Voir, juger, agir et puis peut-être encore célébrer. C'est ce que nous faisons ce jour. Comme les bergers, nous glorifions et nous louons Dieu. Nous ne sommes pas à Bethléem, mais aujourd'hui nous devenons contemporains de l'événement. Animés par la foi, nous rendons grâce d'un cœur empreint de reconnaissance. Car la logique de Noël, tout comme celle de Pâques, est celle de la gratuité d'un don inconditionnel ainsi que de la confiance que nous accordons à celui en qui ce don s’est incarné. Dieu est entré sans bruit dans notre histoire et la première image qu'en reçoivent les hommes est le sommeil d’un innocent. La foi, notre foi, qui naît sur un tas de paille est fidélité et espérance, elle est mémoire des hauts-faits de Dieu et ouverture à l'avenir. Avec nos pauvres mots humains, par nos actes apparemment si limités, nous pouvons annoncer et préparer le règne de la justice et de la paix.
AMEN
Lecture de la Bible
1 En ce temps-là parut un édit de César Auguste, ordonnant un recensement de toute la terre. 2 Ce premier recensement eut lieu pendant que Quirinius était gouverneur de Syrie. 3 Tous allaient se faire inscrire, chacun dans sa ville. 4 Joseph aussi monta de la Galilée, de la ville de Nazareth, pour se rendre en Judée, dans la ville de David, appelée Bethléem, parce qu'il était de la maison et de la famille de David, 5 afin de se faire inscrire avec Marie, sa fiancée, qui était enceinte. 6 Pendant qu'ils étaient là, le temps où Marie devait accoucher arriva, 7 et elle enfanta son fils premier-né. Elle l'emmaillota, et le coucha dans une crèche, parce qu'il n'y avait pas de place pour eux dans l'hôtellerie.8 Il y avait, dans cette même contrée, des bergers qui passaient dans les champs les veilles de la nuit pour garder leurs troupeaux. 9 Et voici, un ange du Seigneur leur apparut, et la gloire du Seigneur resplendit autour d'eux.
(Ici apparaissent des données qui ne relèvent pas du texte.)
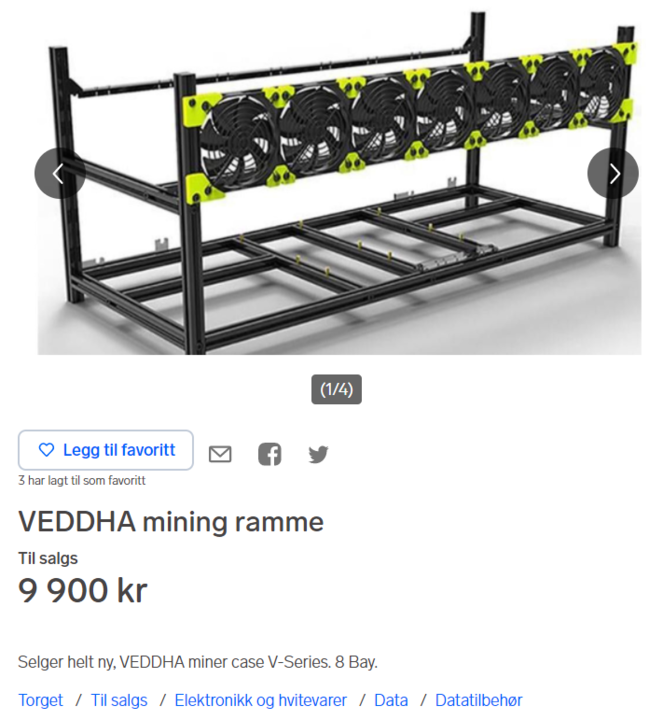 Veddha.png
Ils furent saisis d'une grande frayeur. 10 Mais l'ange leur dit : Ne craignez point; car je vous annonce une bonne nouvelle, qui sera pour tout le peuple le sujet d'une grande joie : 11 c'est qu'aujourd'hui, dans la ville de David, il vous est né un Sauveur, qui est le Christ, le Seigneur. 12 Et voici à quel signe vous le reconnaîtrez : vous trouverez un enfant emmailloté et couché dans une crèche. 13 Et soudain il se joignit à l'ange une multitude de l'armée céleste, louant Dieu et disant : 14 Gloire à Dieu dans les lieux très hauts, Et paix sur la terre parmi les hommes qu'il agrée ! 15 Lorsque les anges les eurent quittés pour retourner au ciel, les bergers se dirent les uns aux autres : Allons jusqu'à Bethléhem, et voyons ce qui est arrivé, ce que le Seigneur nous a fait connaître. 16 Ils y allèrent en hâte, et ils trouvèrent Marie et Joseph, et le petit enfant couché dans la crèche. 17 Après l'avoir vu, ils racontèrent ce qui leur avait été dit au sujet de ce petit enfant. 18 Tous ceux qui les entendirent furent dans l'étonnement de ce que leur disaient les bergers. 19 Marie gardait toutes ces choses, et les repassait dans son coeur. 20 Et les bergers s'en retournèrent, glorifiant et louant Dieu pour tout ce qu'ils avaient entendu et vu, et qui était conforme à ce qui leur avait été annoncé.